Utilize este identificador para referenciar este registo: http://hdl.handle.net/10400.6/1625
Título: Efeito anti-inflamatório do GDNF: qual a sua contribuição para a neuroprotecção dopaminérgica?
Autor: Roxo, Tiago Filipe Dias Santos
Orientador: Fonseca, Carla Sofia Pais
Baltazar, Graça Maria Fernandes
Palavras-chave: Microglia
GDNF (GFRalfa1)
Neurónios dopaminérgicos
Data de Defesa: Out-2013
Editora: Universidade da Beira Interior
Resumo: Microglia are the resident macrophages of the Central Nervous System and act as the main form of immune defence. Microglia can assume an activated state in case of inflammation, having its phagocytic activity increased, also releasing reactive oxygen species, in order to protect the Central Nervous System cells from injury. However, activated microglia has also been associated with neurodegeneration. Increased interleukin and cytokine levels have been described in neurodegenerative diseases, namely Parkinson’s disease, where the loss of dopaminergic neurons has been related to excessive microglial activation. Soluble factors released by astrocytes are capable to modulate microglial reactivity. From these factors, glial cell line-derived neurotrophic factor (GDNF) stood out for its ability to protect dopaminergic neurons from injury, both in vitro an in vivo. Some studies have also demonstrated an anti-inflammatory action of GDNF, mediated by its receptor GFR1, suggesting that these two effects of GDNF may be related to each other. However, no study has provided a clear evidence for a cause-effect relationship between them. Therefore, this work aims at elucidating the importance of GDNF control of microglial reactivity to the survival of dopaminergic neurons.
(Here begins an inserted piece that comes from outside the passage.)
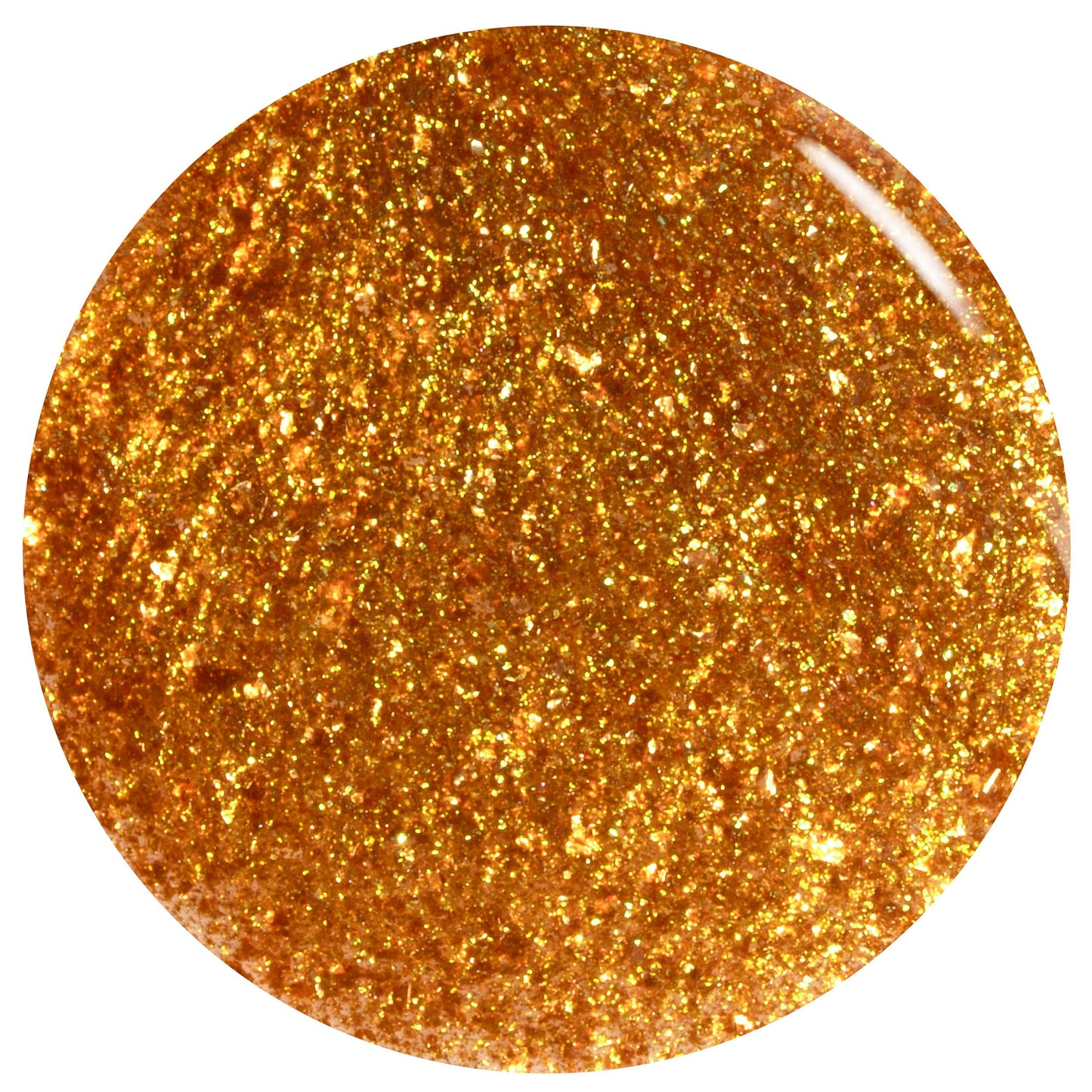 Orly Nail Polish | Glow & Behold (Bronze In A Lifetime) Beauty & Personal Care Orly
The main strategy will be to block the action of GDNF specifically in microglial cells, through GFR1 silencing, and to evaluate its effect on the neuroprotective action of GDNF in the presence of an inflammatory stimuli. The expression of GFR1 in primary ventral midbrain microglia and N9 microglia cell line cultures was confirmed through immunochemistry and Western Blot. Silencing of GFR1, through siRNA, in N9 microglia cells was successfully accomplished and preliminary results suggest that silencing of this receptor in primary cultures of microglia is also doable. Co-cultures of N9 microglia cells and neuron-glia mixed cultures were exposed to different concentrations of LPS which induced a selective dopaminergic injury. Under these conditions, an increase in microglial reactivity was observed. Additional experiments will be necessary to achieve the main goal of this work. However, these results will support future experiments in order to elucidate the relevance of the anti-inflammatory effect of GDNF on dopaminergic neuroprotection.